Retaining the original floorplan and form, the redesign executed by Trevor Hone Builders focused on maximising the interior and creating more fluid connections inside and out. A cathedral ceiling adds volume to the upstairs, while downstairs is a cocooning space. White- on-white-on-white fixtures and fittings make every other detail feel purposeful, exactly how Alex likes it. Walls in Resene Wan White and black cork flooring combine to provide a gallery-esque backdrop ripe for the injection of colour that’s inserted through furniture- like cabinetry and quirky custom carpets, along with treasured art and objects.
From the street, hard landscaping and Japanese-inspired structural planting by Henry Blakely Landscapes ushers you towards the front door on the side of the house.
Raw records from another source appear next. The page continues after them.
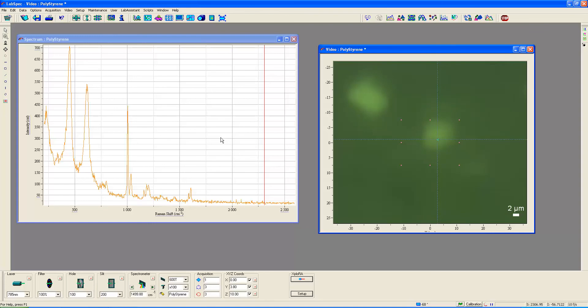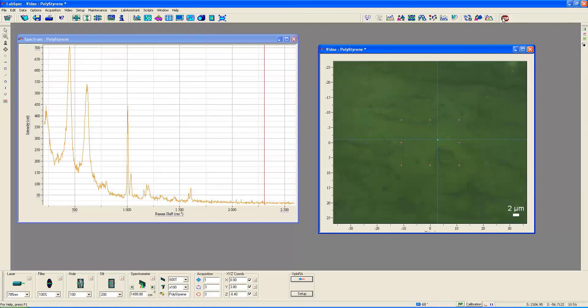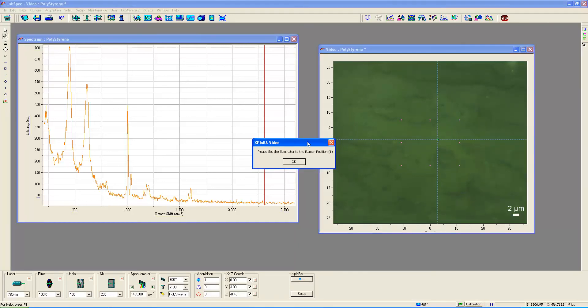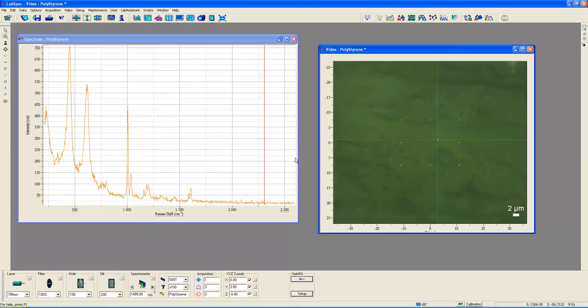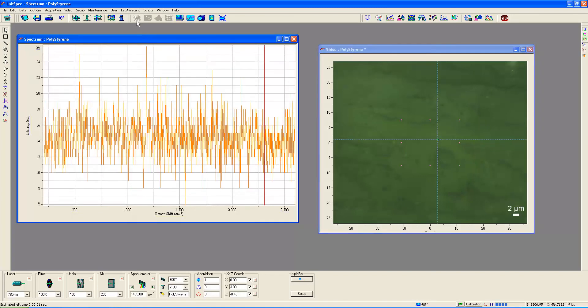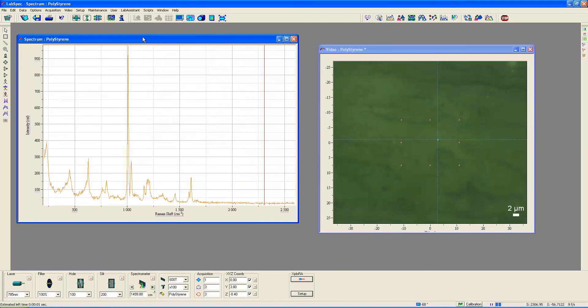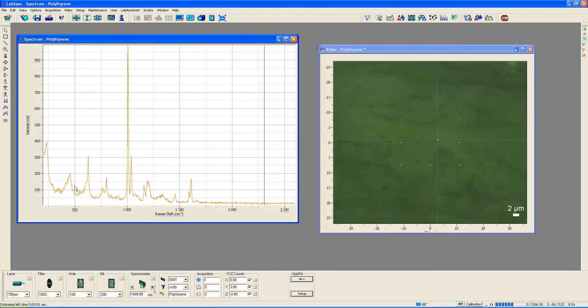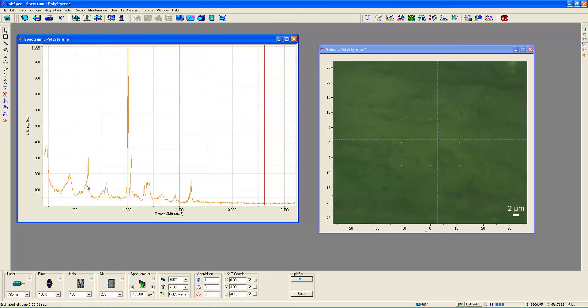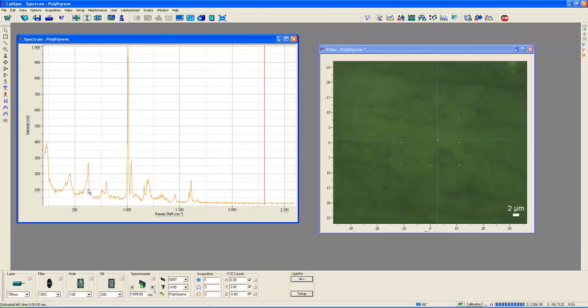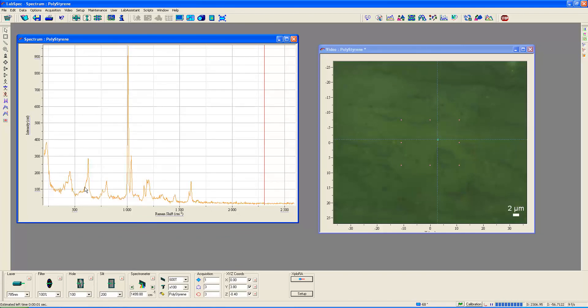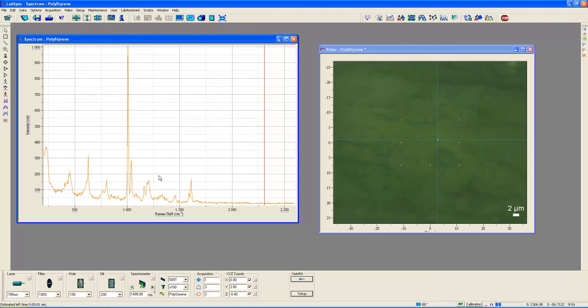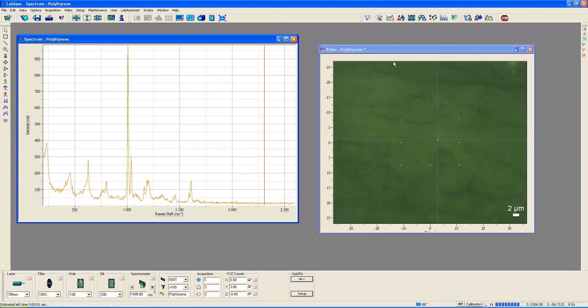And now we're in the video mode. And I'm going to bring this back to the surface. So now we're focused right back on the surface of this polystyrene. And I'm going to stop the video. We'll set the turret back to position one for collecting the Raman spectra. Go back to real-time display. And sure enough, there's our polystyrene without really... there's just a hint of the titanium dioxide underneath there.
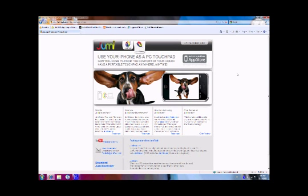So it's available on the app store for free and there's also a $1.99 version called Jumimouse Plus which features the keyboard.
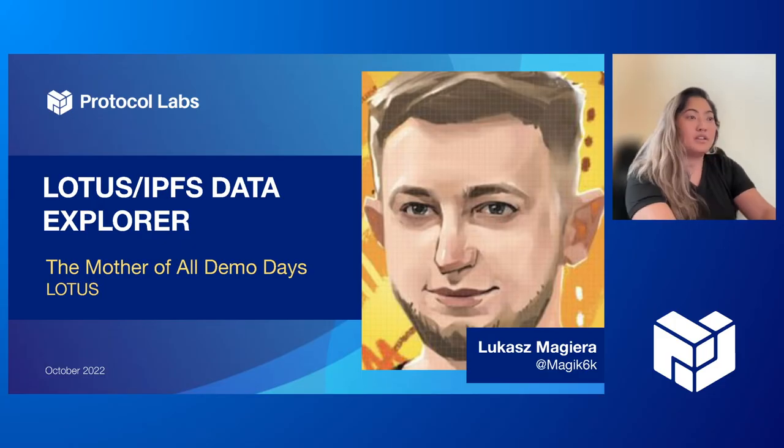Let me welcome everybody to this month's Motherball Demo Days meeting. I'm excited to show that we're stacked today with six demos from Consensus Lab, CryptoNet, ProbeLab, Lotus, and PhilDab teams. Lukash, you can go first.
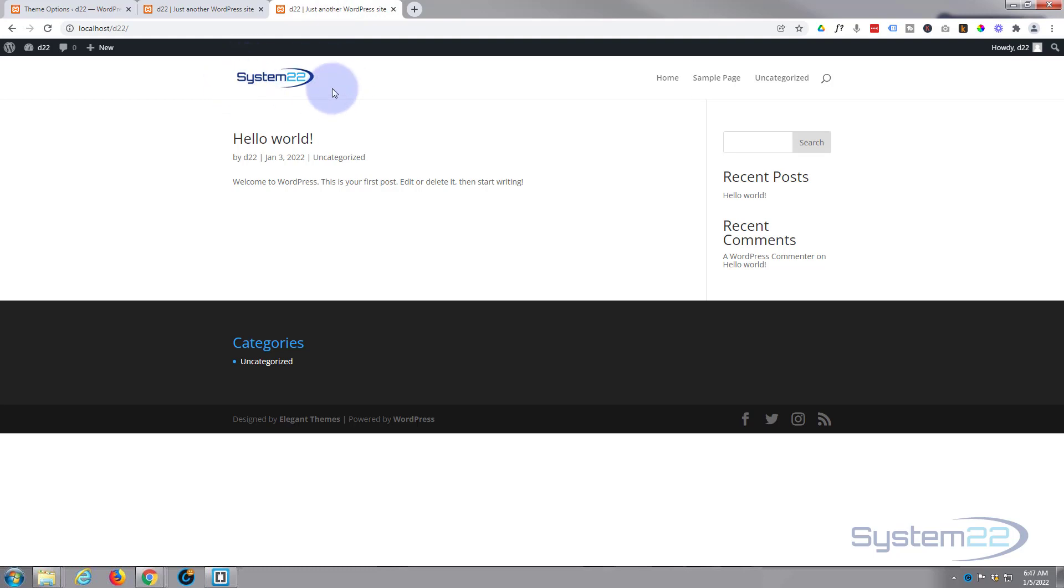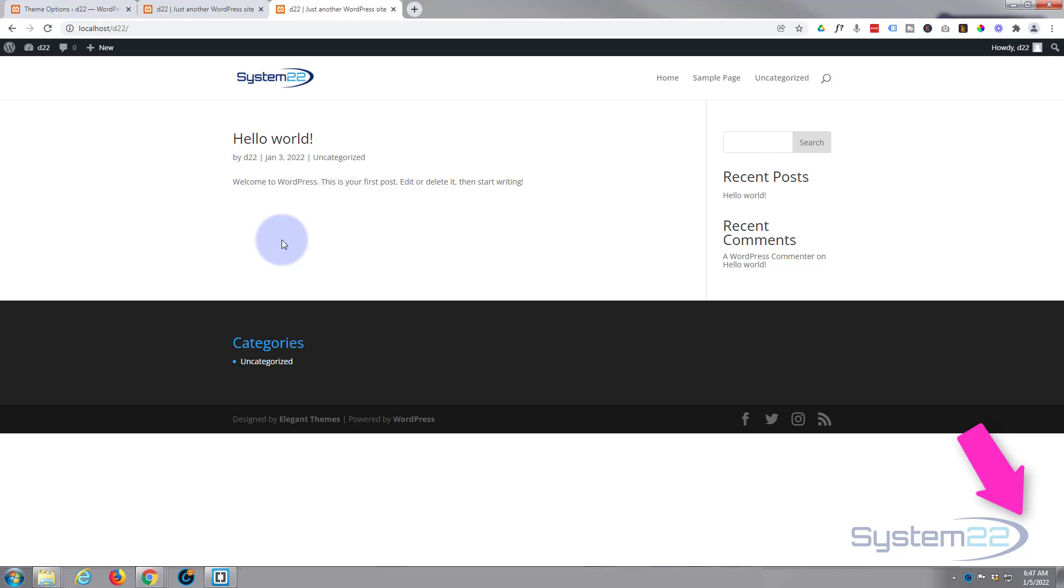So there's a short and sweet video for you, how to upload your logo to the Divi theme. I hope you've enjoyed this today and found it useful. If you have, please give it a thumbs up, ring the bell, comment, share, and subscribe to our YouTube channel. Once again, this has been Jamie from System22 and webdesignandtechtips.com. Thanks for watching, have a great day.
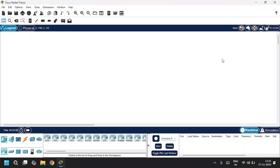Hello everyone, welcome back to my channel. Today I'll show you how to configure NAT, that is Network Address Translation, in Cisco Packet Tracer. Using NAT will enable a private network to communicate with the public network using public IPs.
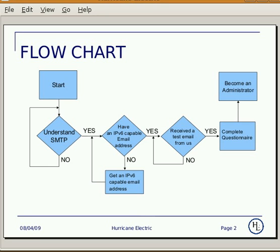One, you must understand SMTP. Two, you must have an IPv6 capable email address.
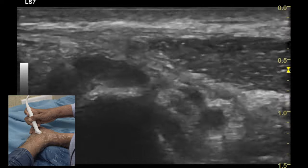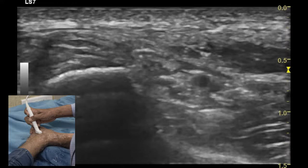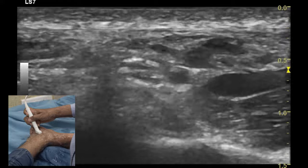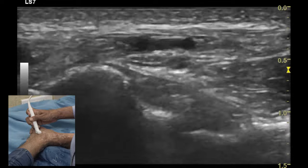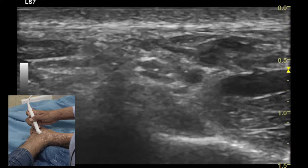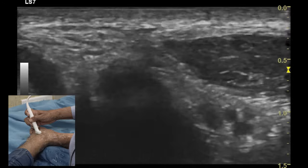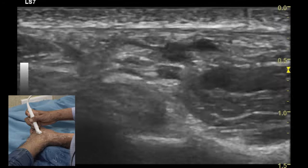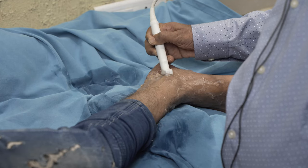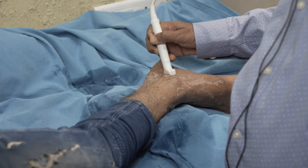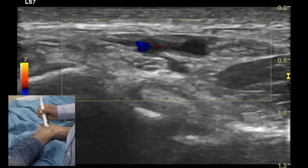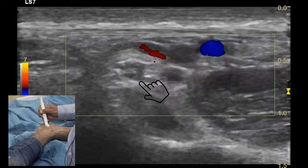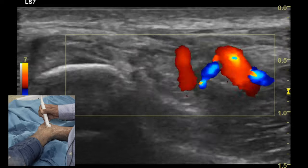Between the tendons of the flexor digitorum longus and the flexor hallucis longus, one can identify the neurovascular structure, which is made up of two veins (the posterior tibial veins), one artery (the posterior tibial artery), and the posterior tibial nerve. The mnemonic commonly used to identify and remember the order of these structures is Tom, Dick and Very Very Nervous Harry, which represents the order in which the structures are visualized in the posteromedial aspect of the ankle joint.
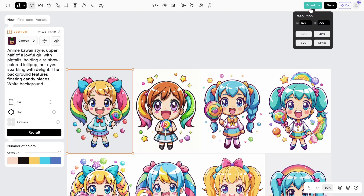If you want to edit them in another tool like Photoshop, choose SVG. If this is a finished design and you can simply upload it as-is to print-on-demand websites as a sticker, export it as PNG.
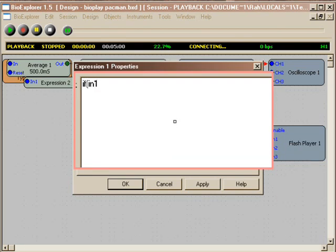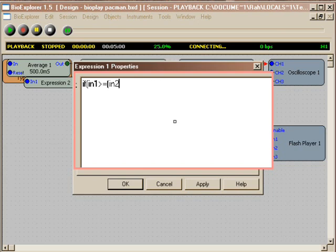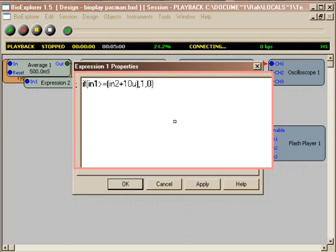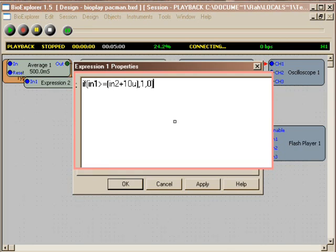The threshold on your threshold object is low, is the low output there. So what I'm writing in here is if, then, statement. If in one, which is the signal, is greater than or equal to in two, which is the threshold, plus 10 microvolts in this case, then one.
Once inside, you can linger in the lounge that splits off towards Isla and Violet’s bedrooms and bathroom, or head upstairs to the apartment-like parent pad.
“Living with older teenagers and with one of them now off at uni, we didn’t want to be rattling around in a big house,” says Alex. “That was one of the main pluses of the layout here — it has small-home merits. With our bedroom and living upstairs, it feels like a studio, and I like that you come up and it’s a surprise.”
A flight of stairs isn’t all that separates these spaces. Alex and Jeff’s thing for colour is in contrast to the girls’ strong preference for pale. “As with all client-designer relationships, it’s been my job to listen to everyone who’s living in the house,” says Alex. “The girls are in a beige phase and I saw that as a bit of a challenge — give me a brief and I’ll give it the AFD flavour!”
The more neutral mood downstairs is anything but boring. Introducing a little less colour, Alex turned to texture and curiosities in these spaces. Circulating through them, you pass by a jewel box of a laundry, in which she managed to get a shot of bold colour across the line.
“People probably think I’m not very restrained, but I actually am,” says Alex. “There’s a ‘why’ behind everything. I love defining areas, detailing where things stop and start — I think it’s quite important because then your brain goes, ‘Right, I’m in this room now’. It’s like writing a story — you establish all of your characters and then it’s a matter of how you’re going to use them in each chapter.”
The consistency of the palette throughout this home allows the spaces to talk to each other, telling stories of this family’s passions and adventures. This is a home that speaks volumes about the life lived within it.